Rationale
While arriving at the
ratings, ICRA takes a consolidated view of the credit profiles of Power Finance
Corporation Ltd. (PFC) and REC Limited (REC), as REC is a subsidiary of PFC and
both entities are in a similar line of business with strategic importance to
the Government of India (GoI) and overlapping clientele. The ratings continue
to draw significant strength from PFC's sovereign ownership1 , its importance
to the GoI, given its role as a nodal agency for various power sector schemes,
and its dominant market position (including REC) in the power sector financing
segment. The ratings also continue to draw comfort from the diversified
borrowing mix, healthy financial flexibility by virtue of ownership, adequate
liquidity and established track record of healthy profitability. The aforesaid
strengths are partly offset by the moderate capitalisation with a consolidated
gearing of about 7.0x as on December 31, 2021. The group also remains exposed
to risks arising from exposure to a single sector (i.e. power) with a high
concentration towards relatively weak state power utilities as well as the
vulnerability of its exposure to private sector borrowers. This is reflected by
the elevated asset quality indicators with the gross stage 3 assets at 6.1% and
5.6% of total advances at standalone and consolidated level, respectively, as
of December 31, 2021, despite having improved significantly over last two
years. PFC is also exposed to risks arising from fluctuations in foreign
exchange rates, given the sizeable foreign currency denominated borrowings,
nonetheless the risk is somewhat mitigated with 91% of foreign exchange
borrowings with residual maturity of up to 5 years fully hedged as on December
31, 2021 as compared with 65% till March 31, 2020. ICRA believes that prudent
capitalisation is a key mitigant against the risks arising out of the sectoral
and credit concentration. In this context, cognizance has been taken of the
Atmanirbhar Discom Scheme with PFC and REC as lending partners, wherein Rs.

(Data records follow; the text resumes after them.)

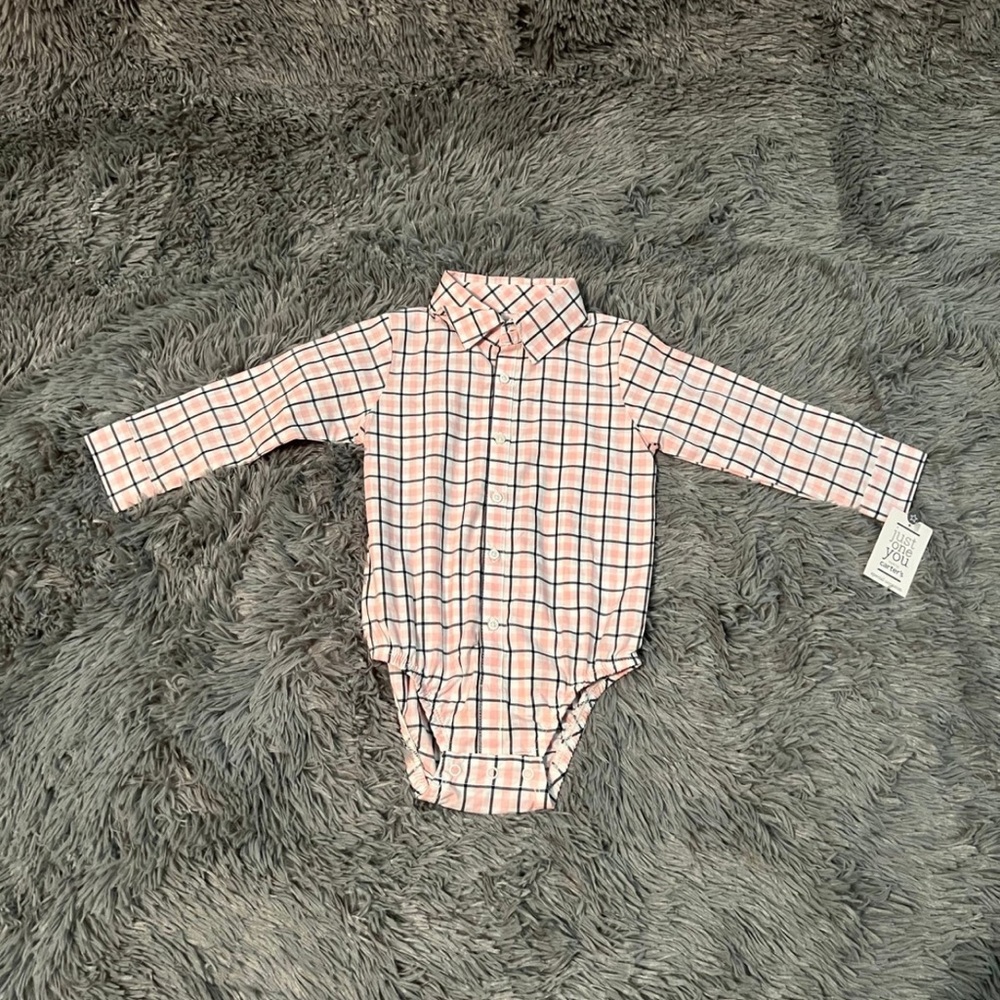 Carters dress shirt collared onesie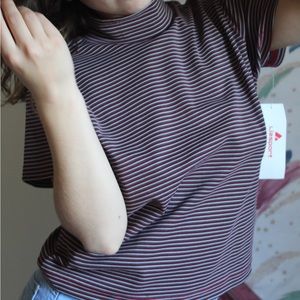 Vintage Crop Liz Claiborne Mockneck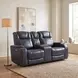 Keziah Blue Double 74" Power Reclining Loveseat with Center Console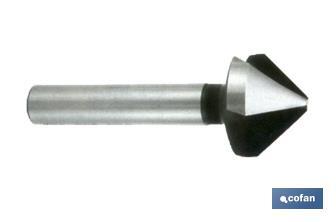 90° conical countersinks 3 blades - Cofan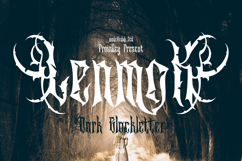 Lenmok - Blackletter Typeface Product Image 1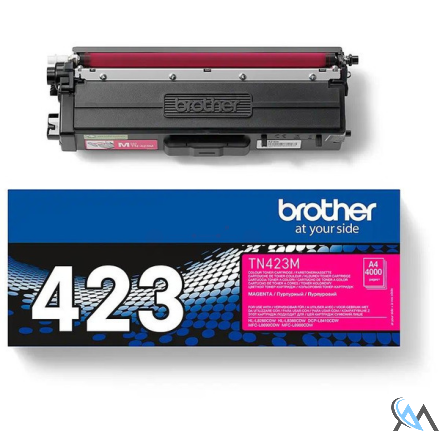 Original Brother TN-423M Toner-Kit magenta High-Capacity, 4.000 Seiten ISO/IEC 19752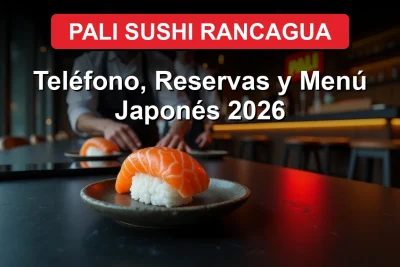 Pali Sushi Rancagua - Restaurante de sushi japonés con reservas y menú 2026
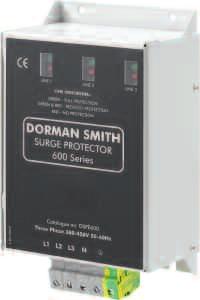 Modular Devices DSPE Range Surge Protector Series DSPE 600 Series Low let through voltage of 600 volts Two stage (redundant) protection, with pre-failure indication Site fault condition indicator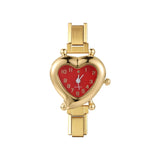 Stainless Steel 9MM Italian Charm Heart Watch - 13 Options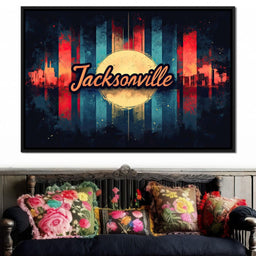 Jacksonville Golden Horizon - NicheCanvas
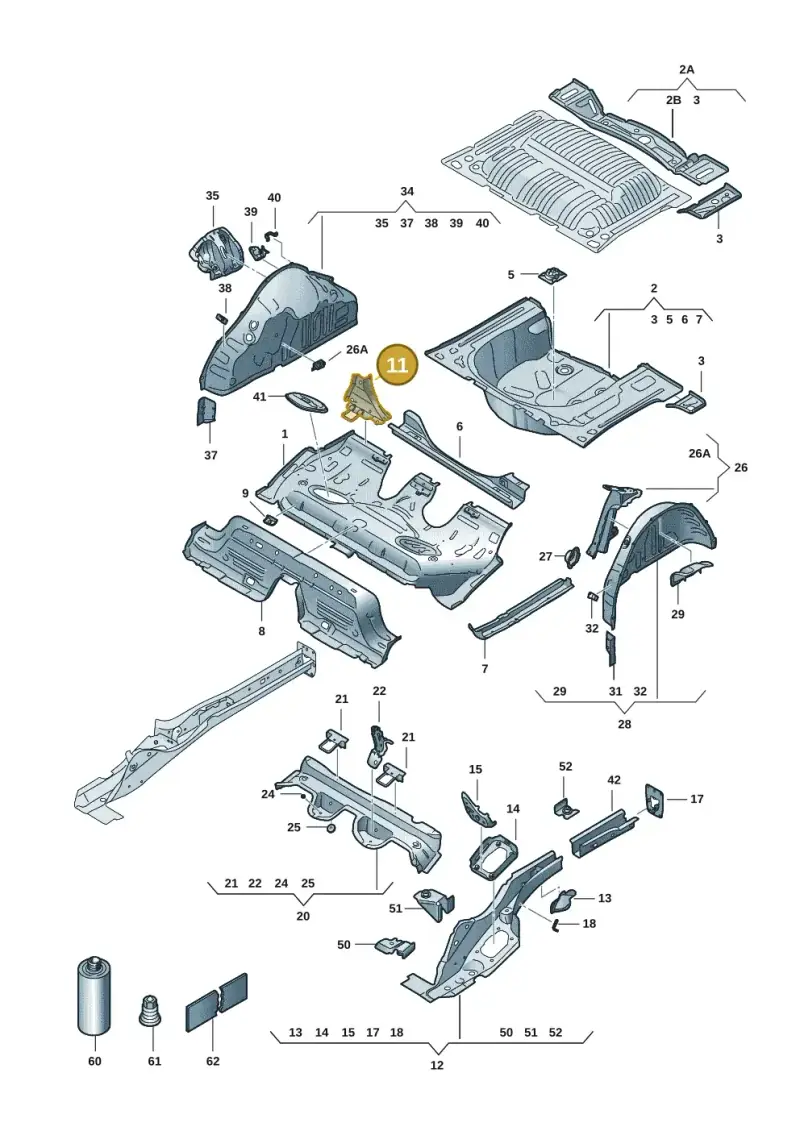 2Q0813174 — Skoda Kamiq (2019-) diagram 584803015, position 11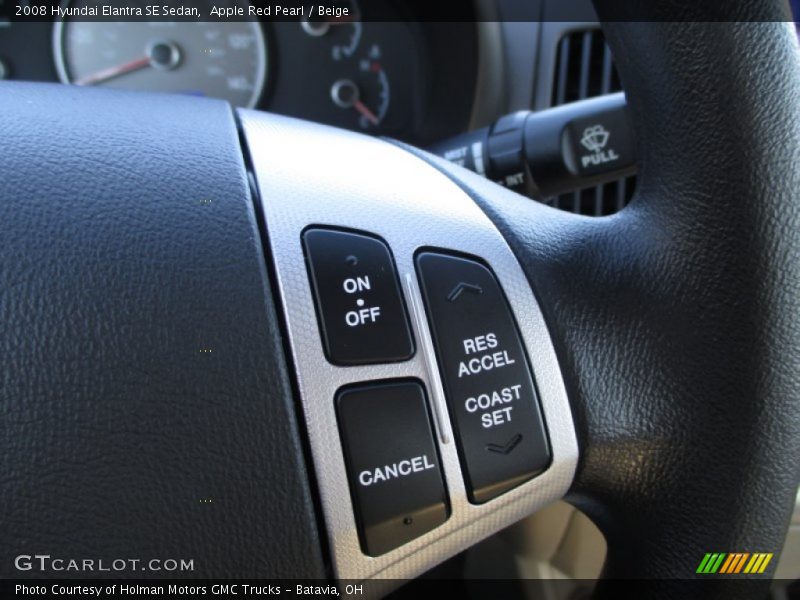 Apple Red Pearl / Beige 2008 Hyundai Elantra SE Sedan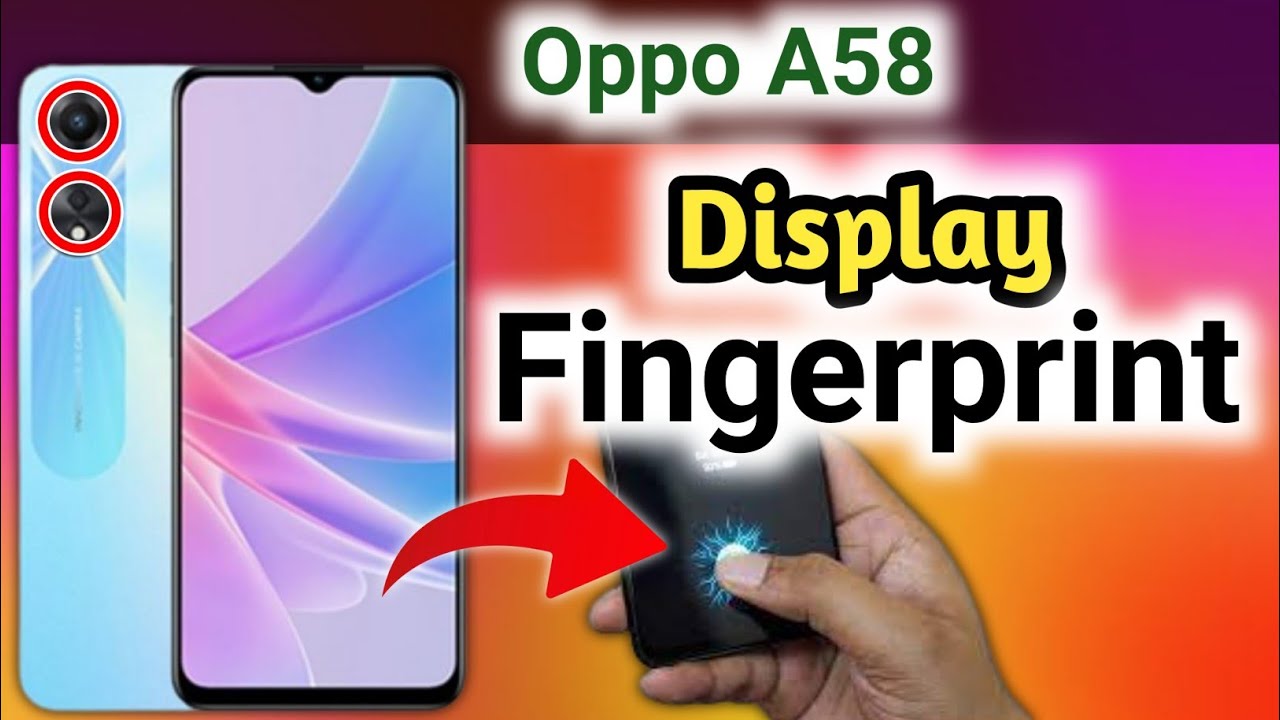 Oppo A58 fingerprint lock | Oppo A58 me fingerprint lock kaise lagaye | display fingerprint Oppo A58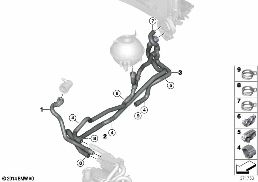 Flessibili refrig. riscald. da fermo diagram for BMW X3 F25 35iX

1.33 lakh crore has been sanctioned and Rs. 1.04 lakh crore has been disbursed
up till February 2022. The impact on the capitalisation ratios has been
cushioned by the lower risk weight applicable to the exposures backed by state
government guarantees. Based on discussions with the managements and
stakeholders of both entities, including the principal shareholder, ICRA
understands that PFC and REC remain important vehicles for the implementation
of the GoI's various power sector schemes. Moreover, support will be
forthcoming from the GoI if needed. Support to REC, if required, will be
extended by the GoI through PFC. Thus, the Stable outlook reflects ICRA's
expectation that PFC, along with REC, will remain strategically important to
the GoI and will continue to play a major role in various power sector schemes
of the Government. Consequently, PFC and REC are likely to retain a dominant
position in power sector financing while maintaining an adequate profitability,
borrowing and capitalisation profile. Notwithstanding the ratings of
[ICRA]AAA(Stable) and [ICRA]A1+ outstanding on the other borrowing programmes
of the company, the one notch lower rating for the perpetual debt programme
reflects the specific features of these instruments as per the guidelines
issued by the Reserve Bank of India (RBI) for hybrid debt capital instruments.